The detection system will only flag images that are already in the center’s database of known child pornography. It is assumed that parents who take innocent photos of a child in the bathroom do not need to worry.
But the researchers say the matching tool — which doesn’t “see” such images, but merely the mathematical “fingerprints” they represent — can be put to nefarious purposes.
Matthew Green, a senior cryptographic researcher at Johns Hopkins University, warned that the system could be used to frame innocent people by sending seemingly harmless images designed to provoke matches in child pornography. This can fool Apple’s algorithm and law enforcement alerts.
“The researchers were able to do it quite easily,” he said of the ability to deceive such systems.
Potential for abuse
Other abuses could include government monitoring of dissidents or protesters. “What happens when the Chinese government says, ‘This is a list of files we want you to check,'” Green asked.
“Is Apple saying no? I hope they’ll say no, but their technology won’t say no.”
Tech companies including Microsoft, Google, Facebook and others have for years been sharing digital fingerprints of known child sexual abuse images. Apple used these files to scan user files stored in its iCloud service, which are not as securely encrypted as the data on the device, for child pornography.
Apple has been under government pressure for years to allow increased monitoring of encrypted data.
Introducing new security measures requires Apple to strike a delicate balance between suppressing child exploitation while maintaining its high-level commitment to protecting the privacy of its users.
But the frustrated Electronic Frontier Foundation, the pioneer of online civil liberties, called Apple’s settlement of privacy protections a “shocking shift for users who have relied on the company’s leadership in privacy and security.”
Meanwhile, the computer scientist who invented PhotoDNA more than a decade ago, the technology used by law enforcement to identify child pornography on the Internet, acknowledged the potential for abuse in Apple’s system, but said it far outweighs the imperative to combat child sexual abuse.
I haven’t seen “this kind of creepy task,” said Hani Farid, a researcher at the University of California, Berkeley, who argues that a lot of other software designed to secure devices from various threats.
For example, WhatsApp provides users with end-to-end encryption to protect their privacy, but it also uses a system to detect malware and warn users against clicking on malicious links.
Apple was one of the first major companies to adopt “end-to-end encryption,” in which messages are shuffled so that only senders and recipients can read them. However, law enforcement has long pressured the company to access that information in order to investigate crimes such as terrorism or child sexual exploitation.
Apple said the latest changes will be introduced this year as part of its driver updates for the iPhone, Mac and Apple Watch.

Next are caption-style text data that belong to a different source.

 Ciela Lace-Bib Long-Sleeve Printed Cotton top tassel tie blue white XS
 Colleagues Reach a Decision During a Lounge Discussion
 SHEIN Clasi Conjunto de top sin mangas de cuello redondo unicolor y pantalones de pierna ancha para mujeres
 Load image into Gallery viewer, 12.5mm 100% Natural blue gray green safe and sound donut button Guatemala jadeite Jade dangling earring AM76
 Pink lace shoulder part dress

“Apple’s expanded protections for children are a game changer,” John Clark, president and CEO of the National Center for Missing and Exploited Children, said in a statement. “Because there are so many people using Apple products, these new safety measures have the potential to save children’s lives.”

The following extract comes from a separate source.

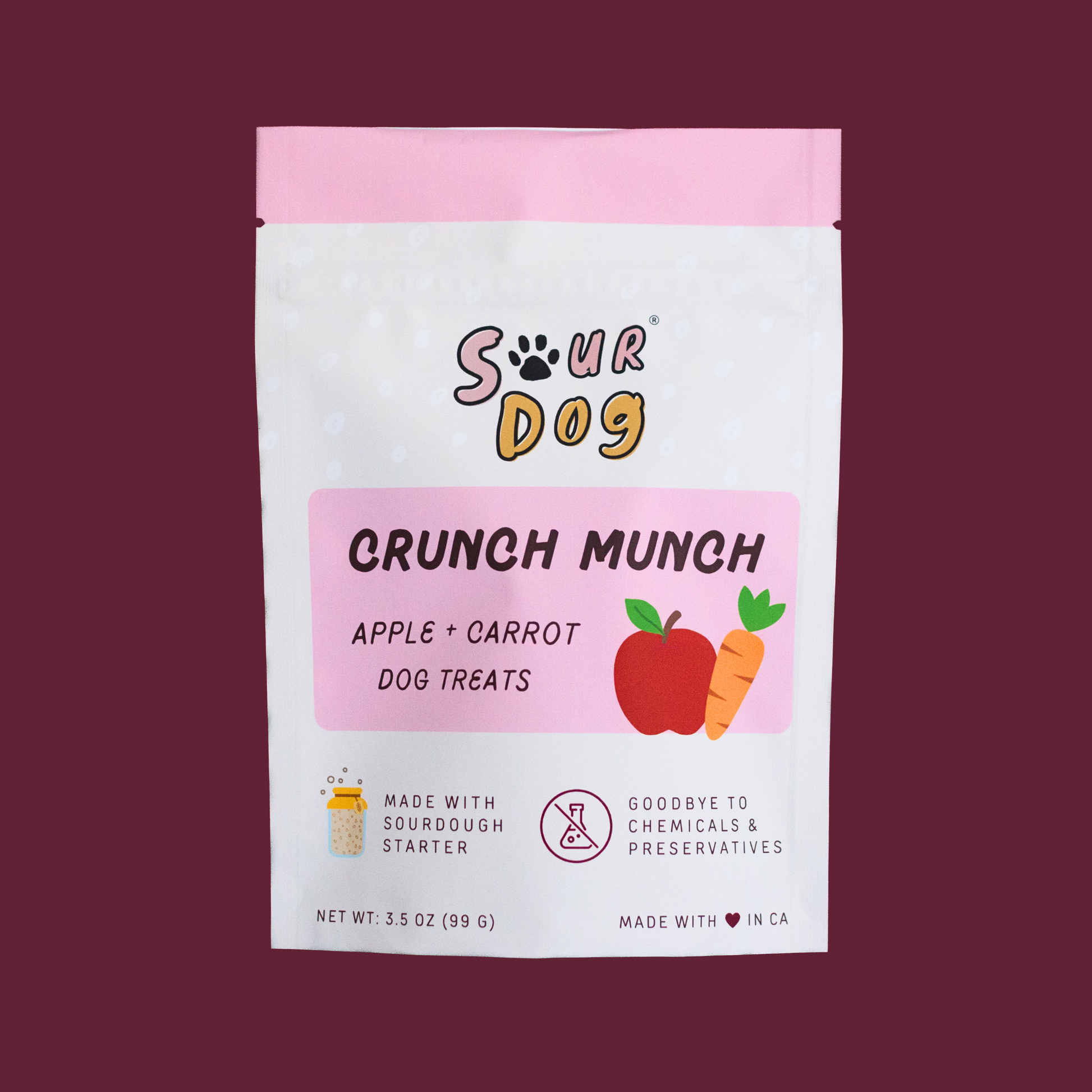 Front side of SourDog's Crunch Munch, apple and carrot sourdough fermented dog treats for sensitive stomach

Julia Cordua, CEO of Thorn, said Apple’s technology balances “the need for privacy and digital security for children.” Thorn, a nonprofit founded by Demi Moore and Ashton Kutcher, uses technology to help protect children from sexual abuse by identifying victims and working with tech platforms.
But in stinging criticism, the Washington-based nonprofit Center for Democracy and Technology called on Apple to abandon changes it said effectively destroy the company’s guarantee of “end-to-end encryption.”
She added that screening messages for sexually explicit content on phones or computers effectively breaks security.
The organization also questioned Apple’s technology to distinguish between dangerous content and something tame like art or a meme. CDT said in an email statement that such technologies are known to be error-prone. Apple denies the changes are a backdoor to its encryption. It says that they are carefully considered innovations that do not disturb user privacy, but rather protect it strongly.
Separately, Apple said its messaging app will use on-device machine learning to identify and blur sexually explicit images on children’s phones, and can even warn parents of young children via text messages. It also said its software would “interfere” when users try to search for topics related to child sexual abuse.
To receive warnings about sexually explicit images on their children’s devices, parents will have to register their children’s phone. Children over the age of 13 can opt out, which means parents of teens will not receive notifications.
Apple said neither feature would compromise the security of private communications or notify police.